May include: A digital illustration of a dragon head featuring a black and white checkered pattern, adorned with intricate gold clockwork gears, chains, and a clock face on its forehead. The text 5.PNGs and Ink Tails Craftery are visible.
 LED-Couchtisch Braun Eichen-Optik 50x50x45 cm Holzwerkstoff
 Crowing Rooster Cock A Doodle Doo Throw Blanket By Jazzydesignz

== == ==

Work to complete: Print each of the lines above again, unchanged.

Response to this task:
May include: A digital illustration of a dragon head featuring a black and white checkered pattern, adorned with intricate gold clockwork gears, chains, and a clock face on its forehead. The text 5.PNGs and Ink Tails Craftery are visible.
 LED-Couchtisch Braun Eichen-Optik 50x50x45 cm Holzwerkstoff
 Crowing Rooster Cock A Doodle Doo Throw Blanket By Jazzydesignz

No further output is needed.